Descriptive Statistics consists of the procedures used to organize and summarize sets of data, as well as to describe their major characteristics.

Inferential Statistics consists of the procedures used to draw conclusions about a population based on the information contained in a representative sample.

Population is the set of all units (subjects or objects) of interest in any statistical study.

Census is a type of statistical study conducted on the entire population.

Sample is a subset of units chosen from the defined population with the purpose of making a statistical inference.

Representative Sample is a sample that reflects the relevant characteristics of the population. A representative sample can be obtained by using sampling techniques.

Simple Random Sampling is the most basic probability sampling technique. It involves a list of all units of the population which are given an equal chance to be included in the sample.
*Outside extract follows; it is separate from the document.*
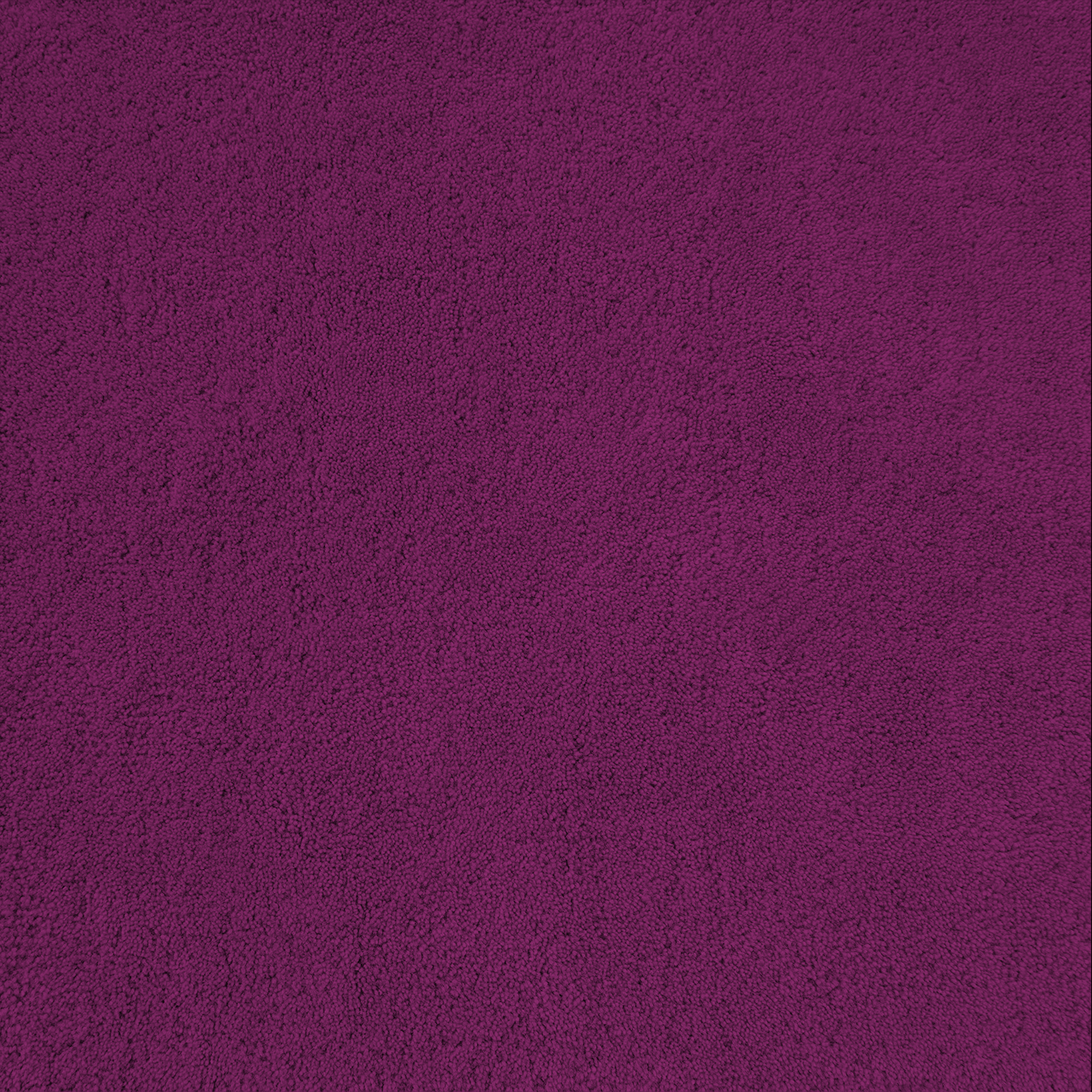 Hot Pink Rug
Sampling survey is a type of statistical study involving a sample of units from the defined population and a questionnaire.


 
 









Chapter 2: Descriptive Statistics


 

Individuals are the units (subjects or objects) included in any statistical study.

Variables are characteristics that vary from one individual to another.
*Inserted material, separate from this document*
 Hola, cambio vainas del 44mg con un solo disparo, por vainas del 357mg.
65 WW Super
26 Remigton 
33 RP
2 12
Data/Data Set is the set of all observations/measurements collected for one or more variables on a particular set of individuals.

Categorical (Qualitative) data are the observations describing a categorized attribute of the individuals.
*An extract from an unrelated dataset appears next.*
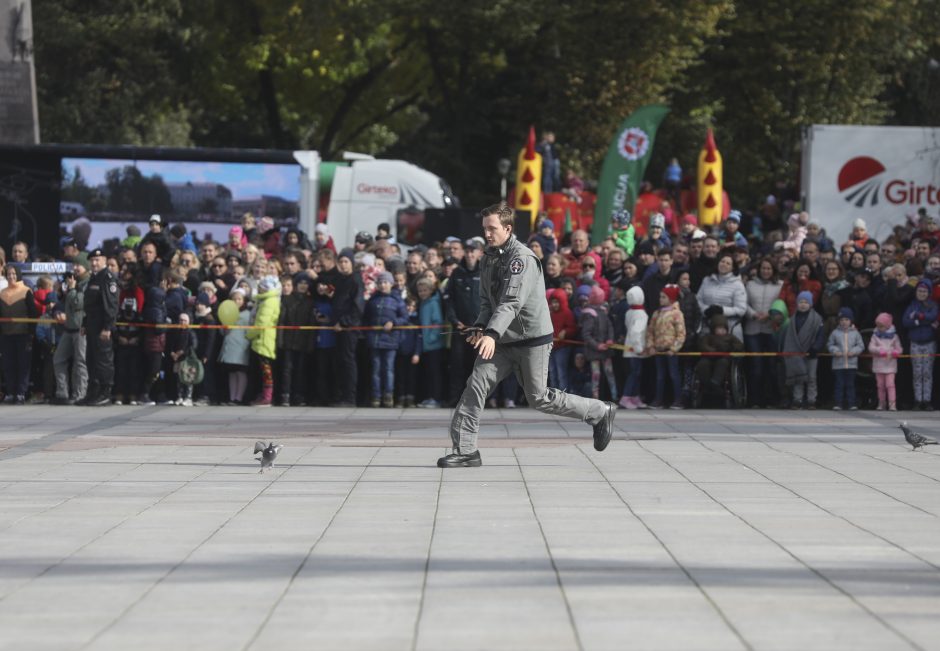 Angelų sargų dieną sostinėje – kinologų, motoakrobatų, žirgų ir „Aro“ kovotojų šou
Quantitative data are the observations/measurements describing an intrinsically numerical characteristic of the individuals. (Note: numerical codes as, for example, the zip codes and SSN’s are not quantitative data)
 
 

Frequency table is a way of organizing and summarizing the information contained in a data set.


 

Elements of a frequency table

Classes

Class limits

Class boundaries

Absolute frequency or frequency

Relative frequency

Percent frequency


 

Frequency graphs for categorical data

·Bargraphs: consist of unattached bars on a rectangular system. The height of the bars are associated with the class frequencies.

·Pareto Chart: consist of a bargraph where the bars are arranged in decreasing order of frequency from left to right.

·Piecharts: consist of circle graphs in which the size of the pie slices are associated with the class percent frequencies.


 

Frequency graphs for quantitative data

·Histograms: consist of attached bars on a rectangular system. The height of the bars are associated with the class frequencies.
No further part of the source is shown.